(PROVIDED DATA begins)

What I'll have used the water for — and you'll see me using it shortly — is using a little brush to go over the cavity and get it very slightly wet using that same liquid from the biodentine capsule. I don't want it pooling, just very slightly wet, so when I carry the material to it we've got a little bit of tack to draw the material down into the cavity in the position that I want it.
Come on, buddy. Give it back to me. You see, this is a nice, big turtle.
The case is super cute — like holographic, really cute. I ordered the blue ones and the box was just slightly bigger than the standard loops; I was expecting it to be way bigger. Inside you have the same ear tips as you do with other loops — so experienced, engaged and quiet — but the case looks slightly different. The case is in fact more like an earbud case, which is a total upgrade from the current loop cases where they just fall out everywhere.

(PROVIDED DATA ends)
(PROVIDED DATA begins)

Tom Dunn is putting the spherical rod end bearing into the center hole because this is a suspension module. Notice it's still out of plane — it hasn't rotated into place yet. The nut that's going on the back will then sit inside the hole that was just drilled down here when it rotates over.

(PROVIDED DATA ends)

EXERCISE OBJECTIVE ▸ Your answer must be the lines above from the one containing "What I'll have" to the one containing "The case is super", both included, restated word for word.

SOLUTION ▸
What I'll have used the water for — and you'll see me using it shortly — is using a little brush to go over the cavity and get it very slightly wet using that same liquid from the biodentine capsule. I don't want it pooling, just very slightly wet, so when I carry the material to it we've got a little bit of tack to draw the material down into the cavity in the position that I want it.
Come on, buddy. Give it back to me. You see, this is a nice, big turtle.
The case is super cute — like holographic, really cute. I ordered the blue ones and the box was just slightly bigger than the standard loops; I was expecting it to be way bigger. Inside you have the same ear tips as you do with other loops — so experienced, engaged and quiet — but the case looks slightly different. The case is in fact more like an earbud case, which is a total upgrade from the current loop cases where they just fall out everywhere.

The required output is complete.